Bid bonds are also used to guarantee that the applicant
(bidder) has the finances and capabilities to undertake
the contract. Unsuccessful bidders will have their
guarantees returned while those bidders winning the
contract will see their bid bond expire upon issuance of a
performance bond.
Performance bond
Requested upon winning the contract, a performance
bond guarantees the performance of the applicant under
the contract from beginning to end. The bank issuing the
guarantee undertakes to pay a certain sum of money to
the beneficiary should the applicant default and not
comply with their contractual obligations.
Retention bond
A type of performance bond that guarantees
reimbursement of payment and correction of defects
after a contractual obligation (i.e., job or project) has
been completed and full pay
Maintenance / Warranty bond
This helps protect the beneficiary from a defect or
malfunction after the project has been completed. This
guarantee is generally valid till the end of the warranty
period stipulated in the contract between the two parties.

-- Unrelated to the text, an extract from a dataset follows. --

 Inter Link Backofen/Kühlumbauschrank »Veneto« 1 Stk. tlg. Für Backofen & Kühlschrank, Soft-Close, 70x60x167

Customs and tax deferment guarantee
Importers are allowed to defer paying import duty and
import tax by establishing an account with the local tax
authorities if they importer issues a guarantee to the
local tax authorities. This tax deferment guarantee is
generally valid for long periods of time or until it has been
cancelled and returned by the authorities.
Shipping guarantee
This indemnifies a shipping company (beneficiary)
against any liability when imported goods are released to
a particular consignee (applicant) without access to title
documents such as the bill of lading. The indemnity
covers the cost of goods as well as freight, legal and
other costs. The shipping guarantee will remain in force
until the original bill of lading has been provided to the
guarantor or otherwise cancelled by the beneficiary.
Airway release
Similar to the shipping guarantee, airway releases allow
for the release of cargo or goods received by a freight
forwarder at the airport on behalf of a consignee. Unlike
shipping guarantees, airway releases may be cancelled
upon providing proof of payment of the import invoice.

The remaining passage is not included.